MILWAUKEE -- Ahead of the April 7 presidential primary, and amid coronavirus concerns, Milwaukee Mayor Tom Barrett and Milwaukee Election Commission Executive Director Neil Albrecht on Sunday, March 15 encouraged early voting and voting by absentee ballot.
"We don't want to lose one single voter in the City of Milwaukee," said Albrecht.
- Wednesday, March 18 is the last day for voter registration by mail or online.
- Mailed applications must be postmarked by midnight March 18.
- Online voter registration closes at 11:59 p.m. March 18.
- Starting March 19, voters can still register to vote during the “closed registration period” in their municipal clerk’s office until the Friday before the election and at the polling place on election day.
- Registered voters who want an absentee ballot should request one ASAP through MyVote.WI.gov. The official deadline to request an absentee ballot is April 2, but voters should not wait until the deadline.
- Voters can also make an absentee ballot request in writing directly to their clerk’s office, either by regular mail, email or fax.
The in-person absentee voting schedule for the 2020 spring election is as follows:
Zeidler Municipal Building
841 N Broadway, Room 102
5700 W Capitol Drive
(located west of Pick ‘n Save)
3501 W Oklahoma Ave
Monday, March 16—Sunday, April 5
Monday—Friday 8 a.m. - 7 p.m.
Saturday—Sunday 10 a.m. - 3 p.m. (March 28 & 29 and April 4 & 5)
You will be required to show your acceptable photo ID when voting by in-person absentee ballot.
Here's how to request an absentee ballot (by April 2):
- By Mail: Download the Application for Absentee Ballot.

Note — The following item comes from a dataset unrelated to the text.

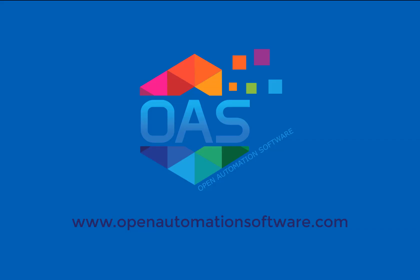For more information on our products, please visit our website at www.openautomationsoftware.com.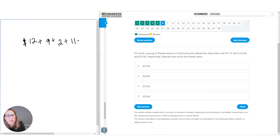Question number fifteen: identify the value of the y-intercept in the following function. We have f of x, which stands for y, and our y equals mx plus b from algebra one. The mx section is your slope — rise over run — and the b is where the line actually crosses the y-axis. That's exactly what y-intercept means: where it's intercepting that axis. So our actual answer is given right to us: negative 18. Correct.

Complete the form and mail it with a copy of your photo ID (if not previously provided) to: Election Commission, 200 E Wells St Room 501, Milwaukee, WI 53202.
- By Email: send an email (firstname.lastname@example.org) with a copy of your photo ID attached (if not previously provided). If you do not attach the Application for Absentee Ballot to your email, please provide the following information in the text of your email:
- Your Full Name
- Voting Address
- Specific election for which you would like a ballot or if you are requesting for the calendar year
- Ballot Delivery preference: mailing address (if it is different from your voting address) or if you prefer to receive your ballot via email (emailed ballots must be printed and returned via mail at the voter's expense).
- Online: applications can be submitted online at MyVote. This is the fastest method of request for indefinitely confined and military voters.
- Fax: you may fax your Application for Absentee Ballot to (414) 286-8445. Faxed photo IDs must be legible; we recommend lightening the ID on a copier before faxing it.
If you are not already registered, you will need to register to vote (by March 18) before an absentee ballot can be sent to you. A new voter registration application is required any time you move (even minor changes such as apartment units), change your name, or if you have not voted in the past four years.
As of Sunday, city leaders said they already received 12,000 absentee ballot requests.
"We anticipate that somewhere around 50 to 60,000 residents in this city will vote absentee by mail in this election," said Albrecht. "That represents a 500% increase."
State law requires poll workers to count those tens of thousands of absentee ballots on the day of the election -- and city leaders noted 50% of the city's poll workers are over the age of 60, the same group the Centers for Disease Control and Prevention said is at an elevated risk -- leading to a call to action for young people, like high school and college students to replace the elderly at the polls.
"Many will ask, 'Who will do the work if I'm not there?'" said Mayor Barrett. "And we have to be prepared to answer that."